Every line from the one containing "Auto 4Motio A" to the end of the records below must be copied exactly, and no pictures may be included.

··· MATERIAL FOR THIS EXERCISE ···

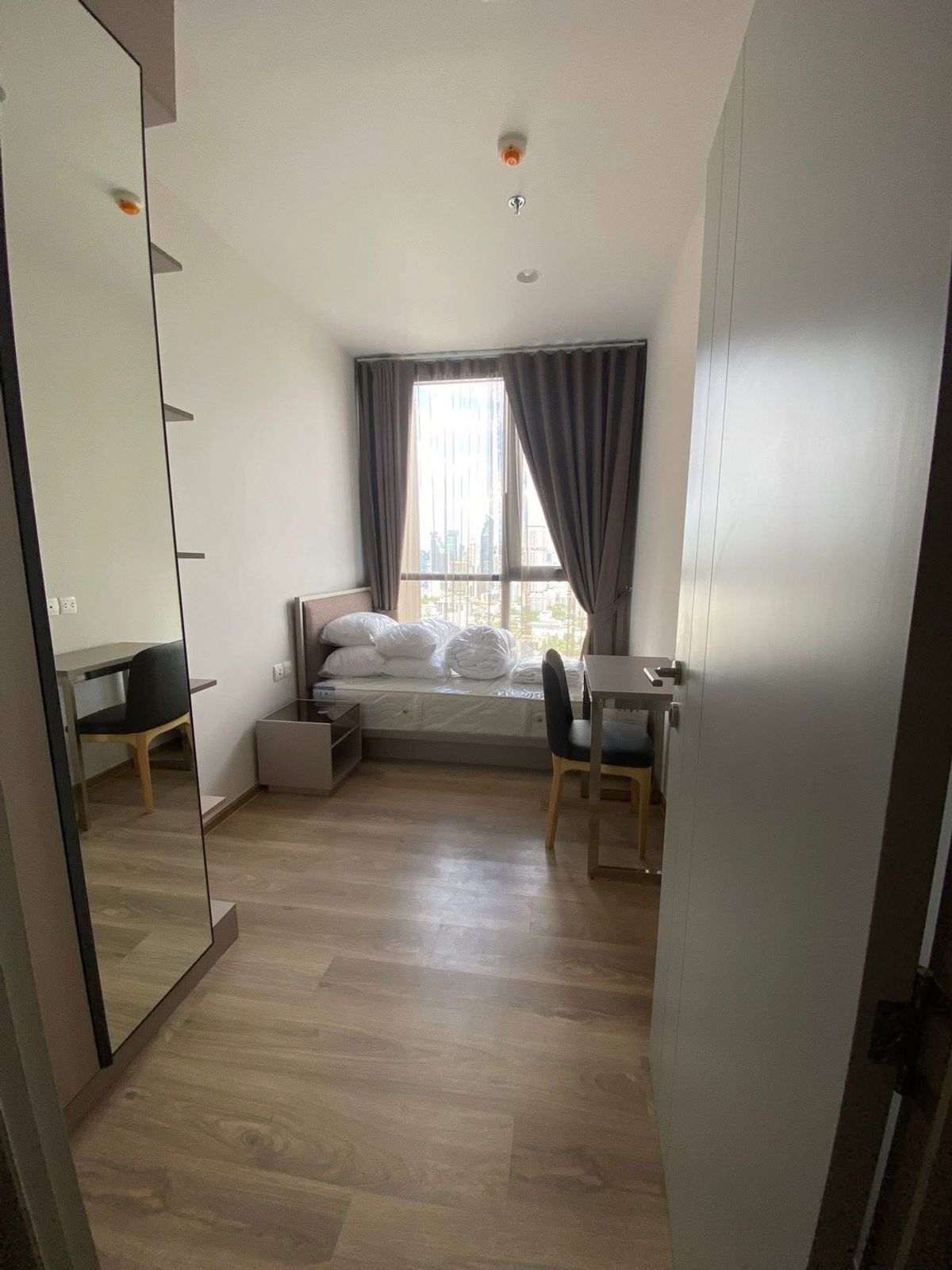 For RentCondoSukhumvit, Asoke, Thonglor : Oka- Huas♦ Size 41 sq m, 32nd floor ♦ 2 bedroom, 1bathroom,shuttle van to BTS Thonglor ♦ Beautiful built-in, fully furnished, ready to move in, very new room ♦ Convenient transportation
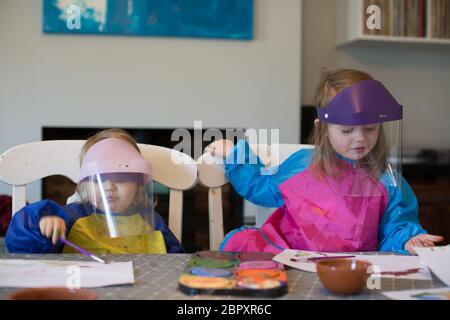 Kinder tragen Visiere während der Covid 19 Pandemie 2020 Stockfoto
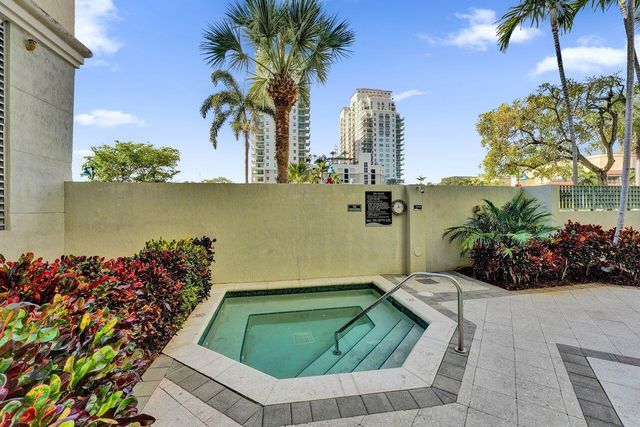 401 SW 4th Avenue 203, Fort Lauderdale, FL 33315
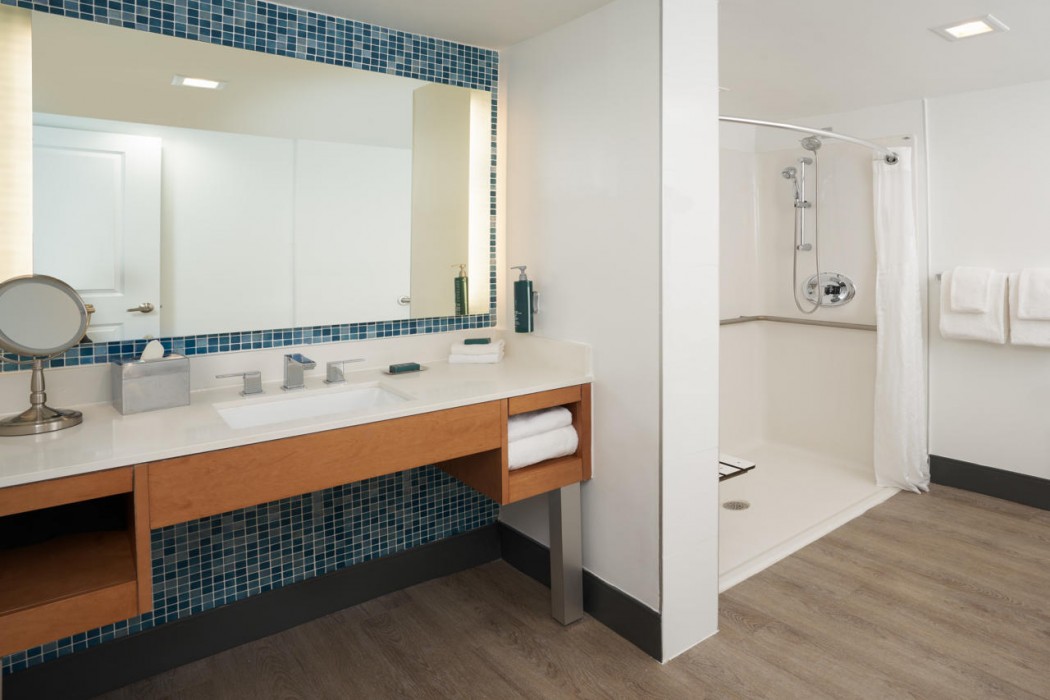 DoubleTree by Hilton Miami North I-95 13/34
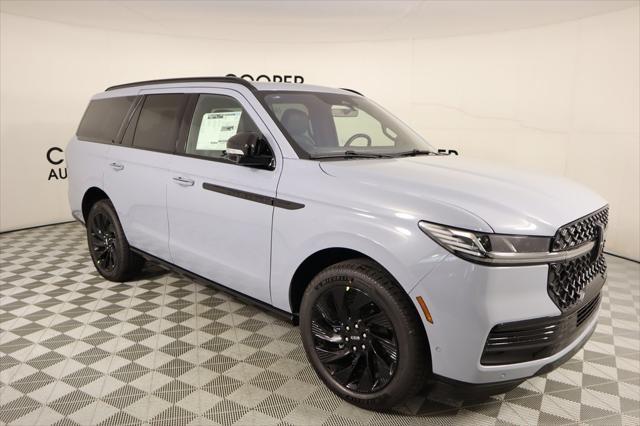new 2025 Lincoln Navigator car, priced at $105,230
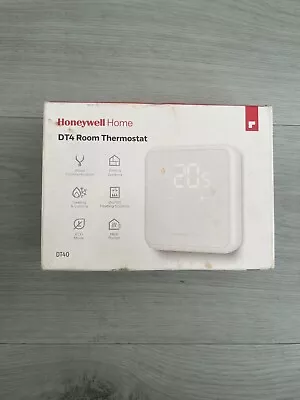 Honeywell DT4 Wired Room Thermostat White • £33.99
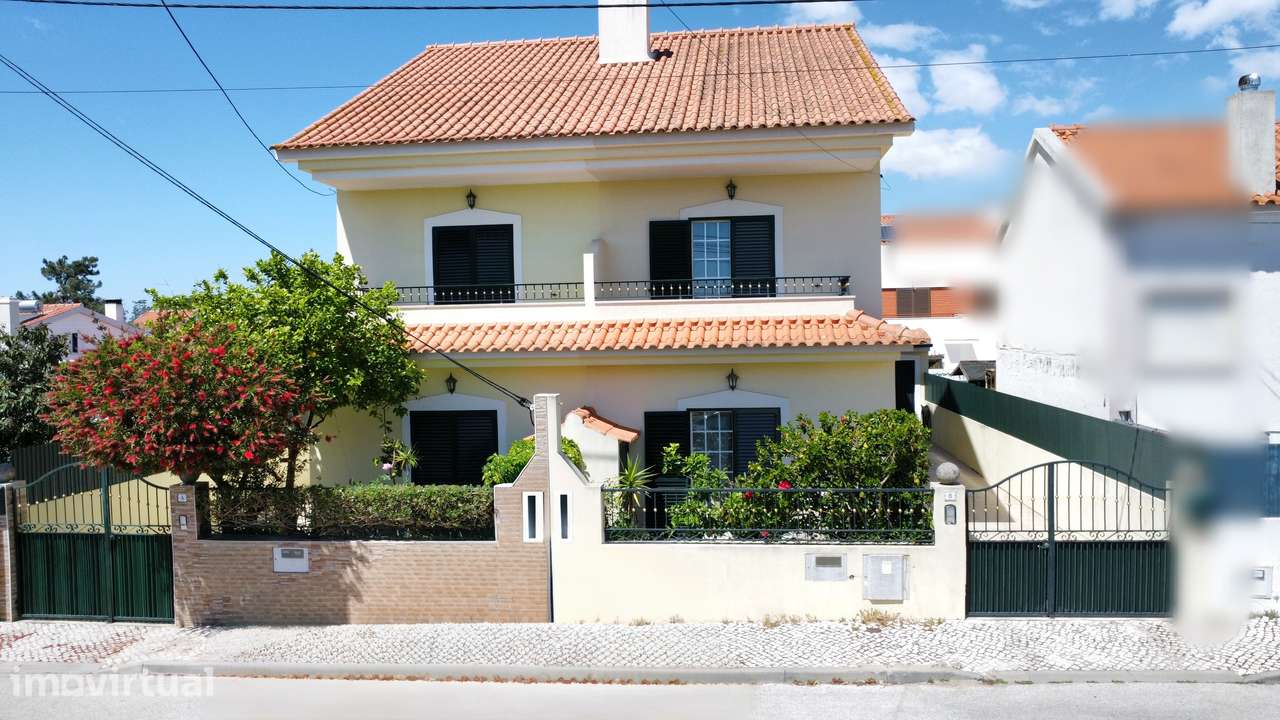 Moradia Geminada T3 com Garagem e Churrasqueira - Grande imagem: 3/28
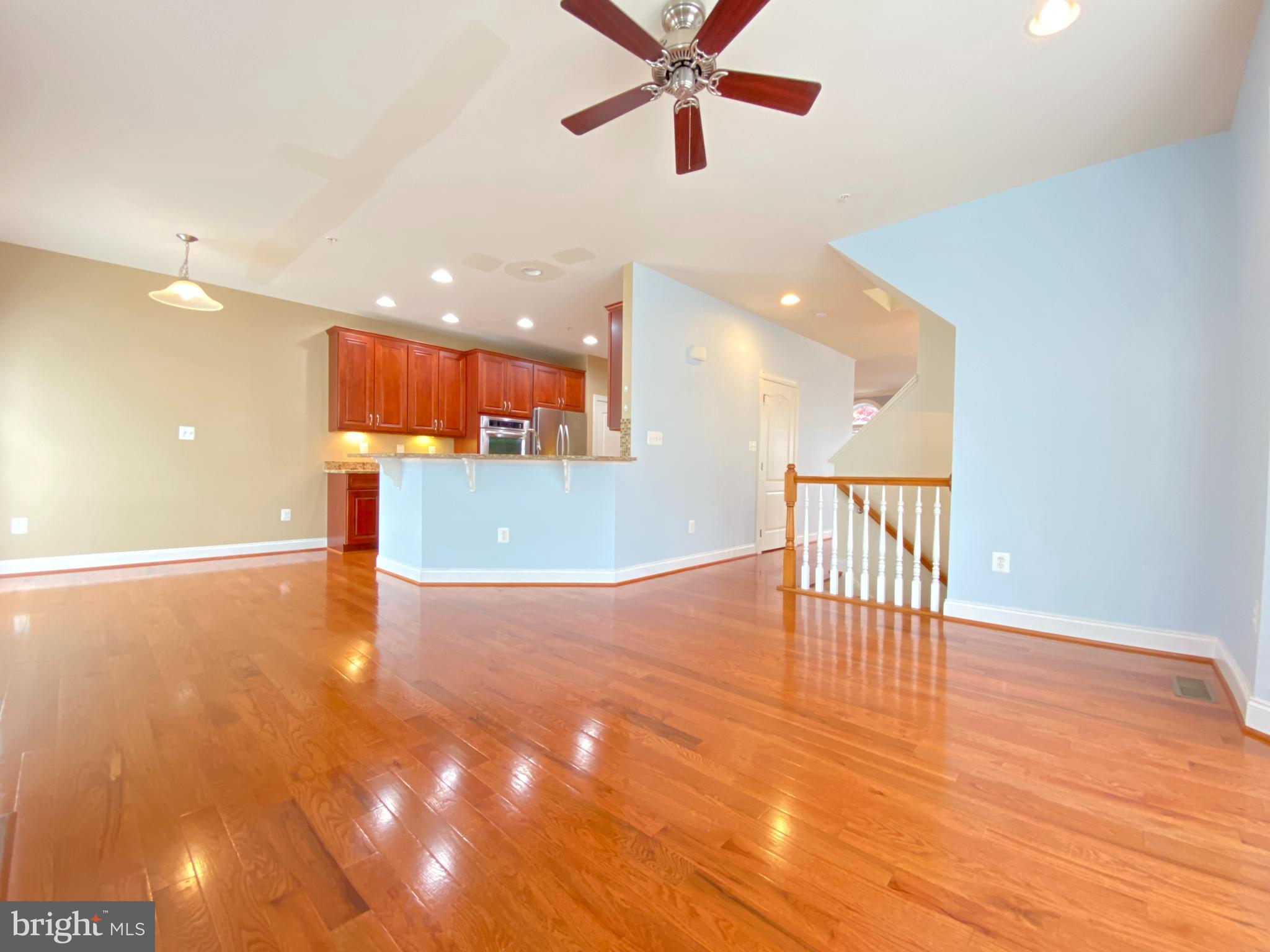 7622 Elmcrest Road Hanover, MD 21076 - Photo 18 of 53 Living Room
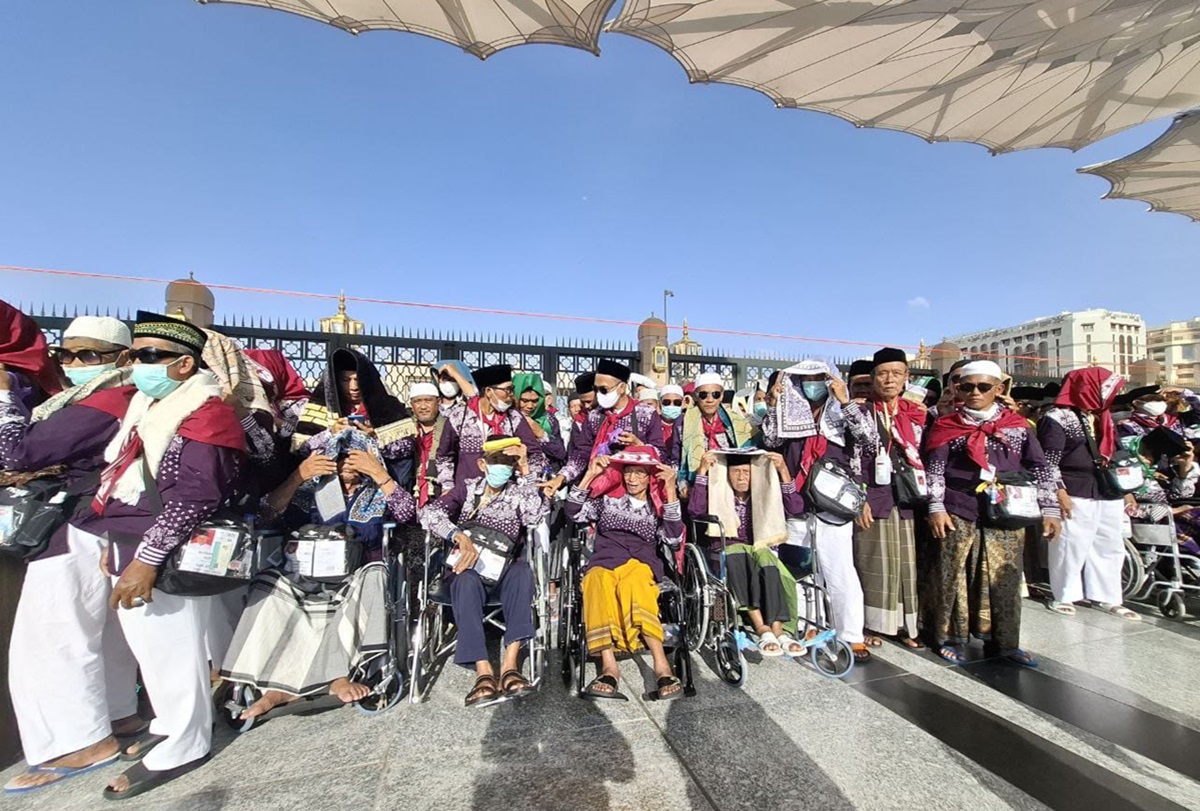 Anggota Komisi IX DPR RI dari Fraksi PKS Netty Prasetiyani Aher mendesak pemerintah mengawasi ketat kondisi kesehatan jamaah haji Indonesia 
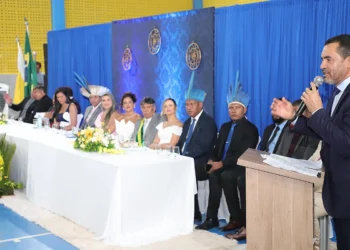 Governador Wanderlei Barbosa durante solenidade de posse do prefeito João Alberto, em Tocantínia.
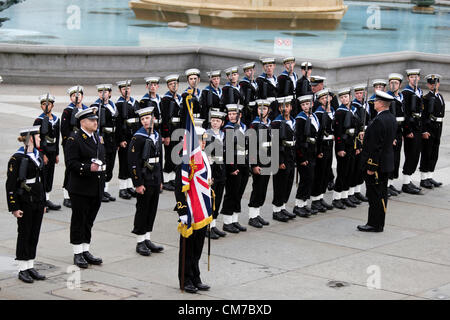 21 octobre 2012. Les Cadets de la Trafalgar Day Parade annuelle, commémorant la victoire de l'Amiral Lord Nelson lors de la bataille de Trafalgar en 1805. Trafalgar Square, Londres, Royaume-Uni. Banque D'Images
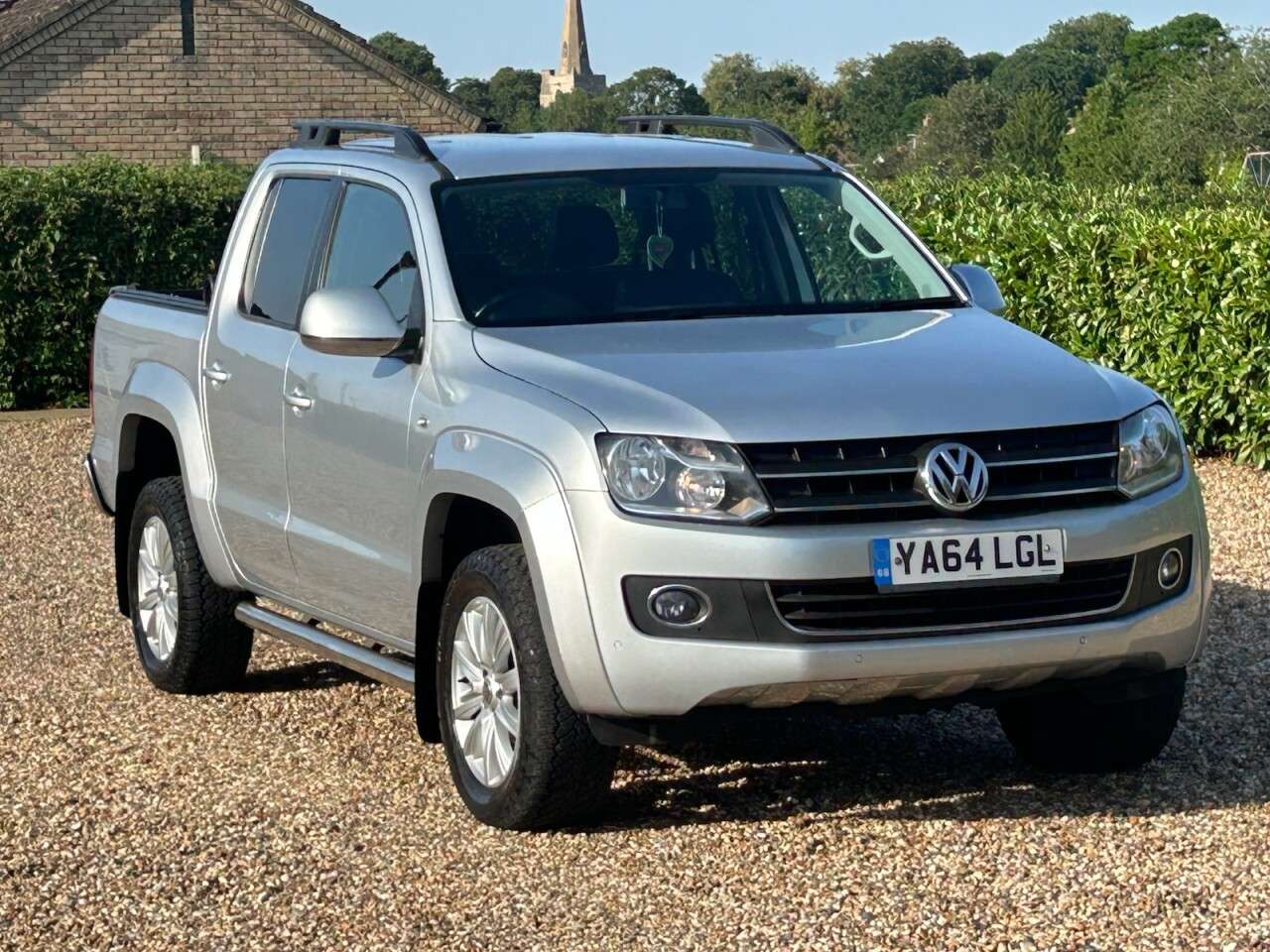 A 2015 VOLKSWAGEN AMAROK 2.0 BiTDI BlueMotion Tech Highline Pickup Double Cab 4dr Diesel Auto 4Motio A 2015 VOLKSWAGEN AMAROK 2.0 BiTDI BlueMotion Tech Highline Pickup Double Cab 4dr Diesel Auto 4Motio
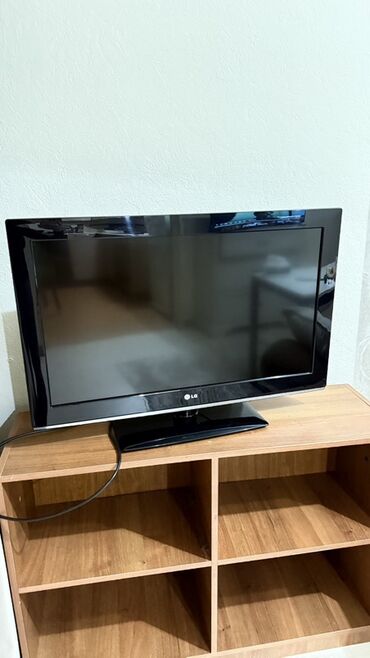 нерабочий монитор: Телевизор LG, диагональ экрана 32". Плоская ЖК‑панель, глянцевая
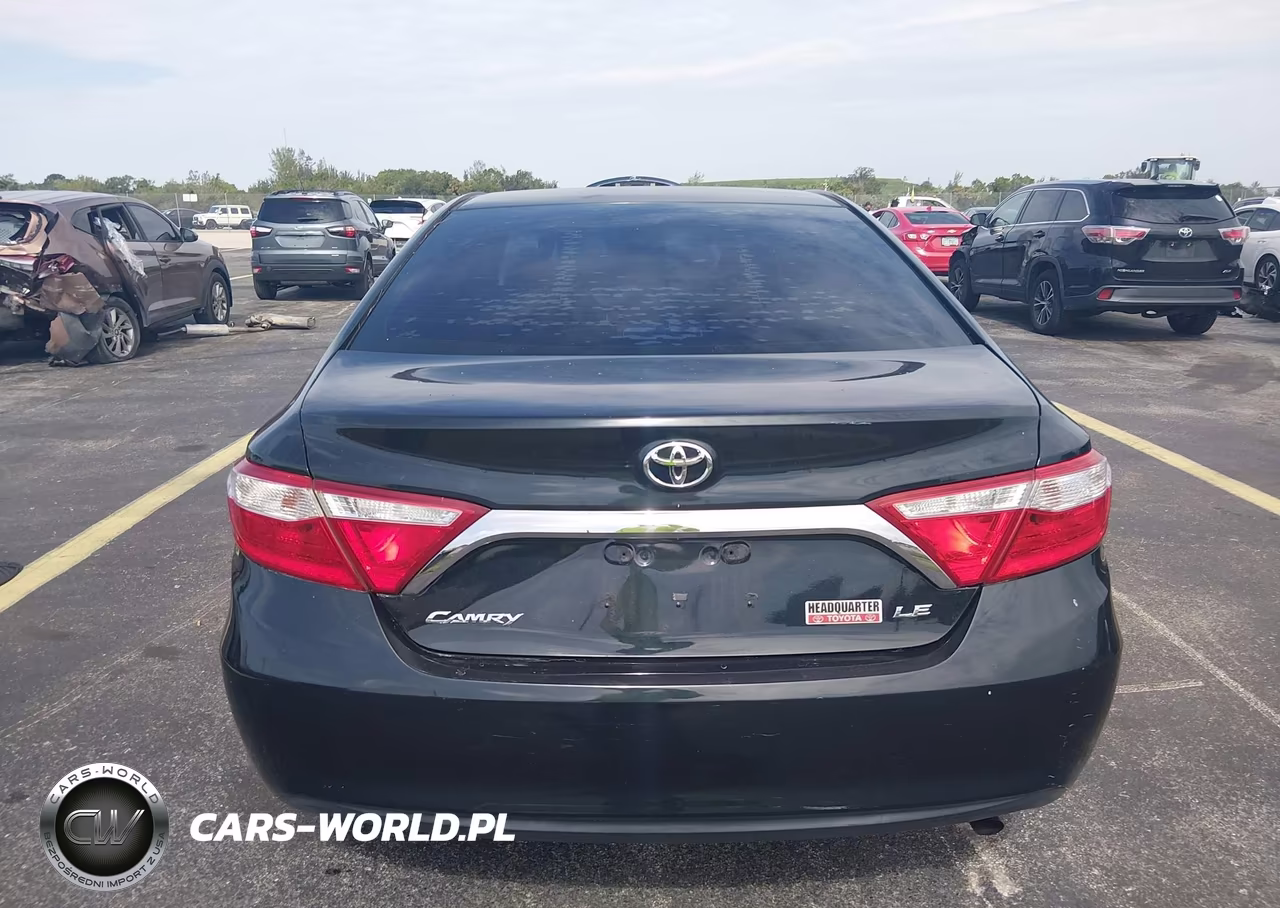 2017 Toyota Camry Le VIN:4T1BF1FK3HU695760 - 16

···

▸ EXERCISE RESPONSE
 A 2015 VOLKSWAGEN AMAROK 2.0 BiTDI BlueMotion Tech Highline Pickup Double Cab 4dr Diesel Auto 4Motio A 2015 VOLKSWAGEN AMAROK 2.0 BiTDI BlueMotion Tech Highline Pickup Double Cab 4dr Diesel Auto 4Motio
 нерабочий монитор: Телевизор LG, диагональ экрана 32". Плоская ЖК‑панель, глянцевая
 2017 Toyota Camry Le VIN:4T1BF1FK3HU695760 - 16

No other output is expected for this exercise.